Google says running AI models on phones is a huge RAM hog

8GB of RAM ought to be enough for anybody —

Google wants AI models to be loaded 24/7, so 8GB of RAM might not be enough.

Ron Amadeo – Mar 29, 2024 5: 16 pm UTC

Enlarge / The Google Gemini logo.

Google

In early March, Google made the odd announcement that only one of its two latest smartphones, the Pixel 8 and Pixel 8 Pro, would be able to run its latest AI model, called “Google Gemini.” Despite having very similar specs, the smaller Pixel 8 wouldn’t get the new AI model, with the company citing mysterious “hardware limitations” as the reason. It was a strange statement considering the fact that Google designed and marketed the Pixel 8 to be AI-centric and then designed a smartphone-centric AI model called “Gemini Nano” yet still couldn’t make the two work together.

A few weeks later, Google is backtracking somewhat. The company announced on the Pixel Phone Help forum that the smaller Pixel 8 actually will get Gemini Nano in the next big quarterly Android release, which should happen in June. There’s a catch, though—while the Pixel 8 Pro will get Gemini Nano as a user-facing feature, on the Pixel 8, it’s only being released “as a developer option.” That means you’ll be able to turn it on only via the hidden Developer Options menu in the settings, and most people will miss out on it.

Google’s Seang Chau, VP of devices and services software, explained the decision on the company’s in-house “Made by Google” podcast. “The Pixel 8 Pro, having 12GB of RAM, was a perfect place for us to put [Gemini Nano] on the device and see what we could do,” Chau said. “When we looked at the Pixel 8 as an example, the Pixel 8 has 4GB less memory, and it wasn’t as easy of a call to just say, ‘all right, we’re going to enable it on Pixel 8 as well.'” According to Chau, Google’s trepidation is because the company doesn’t want to “degrade the experience” on the smaller Pixel 8, which only has 8GB of RAM.

Chau went on to describe what it’s like to have a large language model like Gemini Nano on your phone, and it sounds like there are big trade-offs involved. Google wants some of the AI models to be “RAM-resident” so they’re always loaded in memory. One such feature is “smart reply,” which tries to auto-generate text replies.

Chau told the podcast, “Smart Reply is something that requires the models to be RAM-resident so that it’s available all the time.

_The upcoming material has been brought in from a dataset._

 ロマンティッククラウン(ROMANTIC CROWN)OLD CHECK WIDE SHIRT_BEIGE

You don’t want to wait for the model to load on a Gboard reply, so we keep it resident.” On the Pixel 8 Pro, smart reply can be turned on and off via the normal keyboard settings, but on the Pixel 8, you’ll need to turn on the developer flag first.

Enlarge / The bigger Pixel 8 Pro gets the latest AI features. The smaller model will have it locked behind a developer option.

Google

So unlike an app, which can be loaded and unloaded as you use it, running something like Gemini Nano could mean permanently losing what is apparently a big chunk of system memory. The baseline of 8GB of RAM for Android phones may need to be increased again in the future. The high mark we’ve seen for phones is 24GB of RAM, and the bigger flagships usually have 12GB or 16GB of RAM, so it’s certainly doable.

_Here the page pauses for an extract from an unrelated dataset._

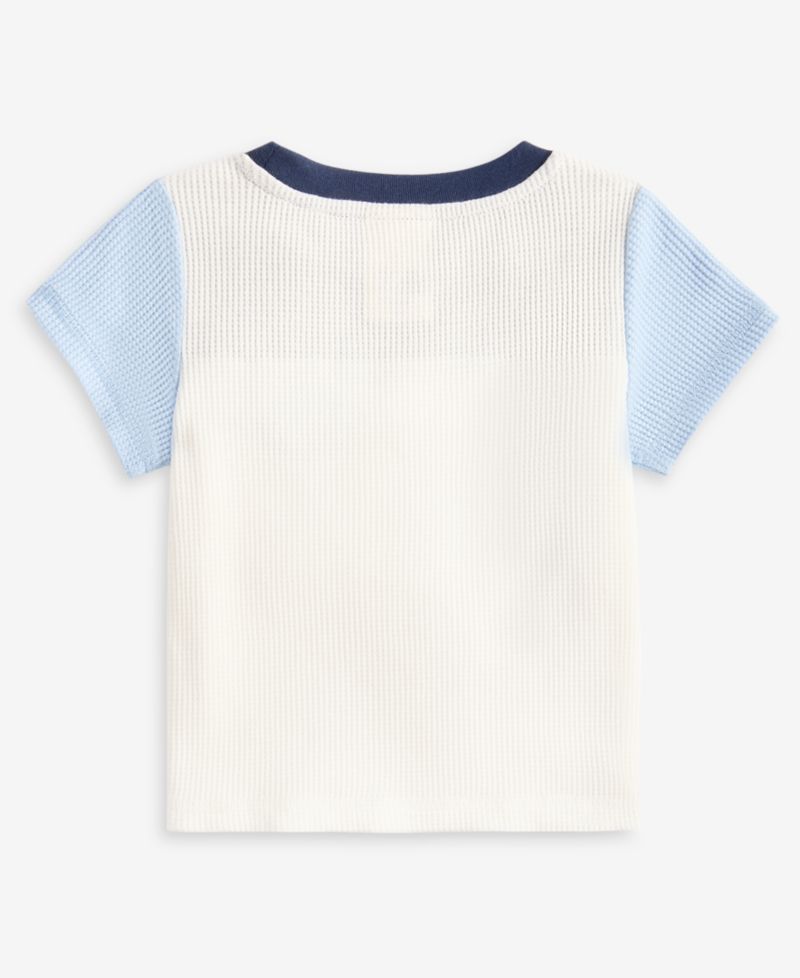 Baby Boys' 3M-24M Mix and Match Waffle Colorblocked T-Shirt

Google’s Gemini Nano model is also shipping on the Galaxy S24 lineup, and the base model there has 8GB of RAM, too. When Google originally cited hardware limitations on the Pixel 8 for the feature’s absence, its explanation was confusing—if the base-model S24 can run it, the Pixel 8 should be able to as well. It’s all about how much of a trade-off you’re willing to make in available memory for apps, though. Chau says the team is “still doing system health validation because even if you’re a developer, you might want to use your phone on a daily basis.”

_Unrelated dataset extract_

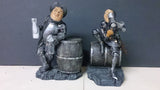 Bookends, a Pair, Depicting Soldiers Drinking - Roadshow Collectibles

The elephant in the room, though, is that as a user, I don’t even know if I want Gemini Nano on my phone. We’re at the peak of the generative AI hype cycle, and Google has its own internal reasons (the stock market) for pushing AI so hard. While visiting ChatGPT and asking it questions can be useful, that’s just an app. Actually useful OS-level generative AI features are few and far between. I don’t really need a keyboard to auto-generate replies. If it’s just going to use up a bunch of RAM that could be used by apps, I might want to turn it off.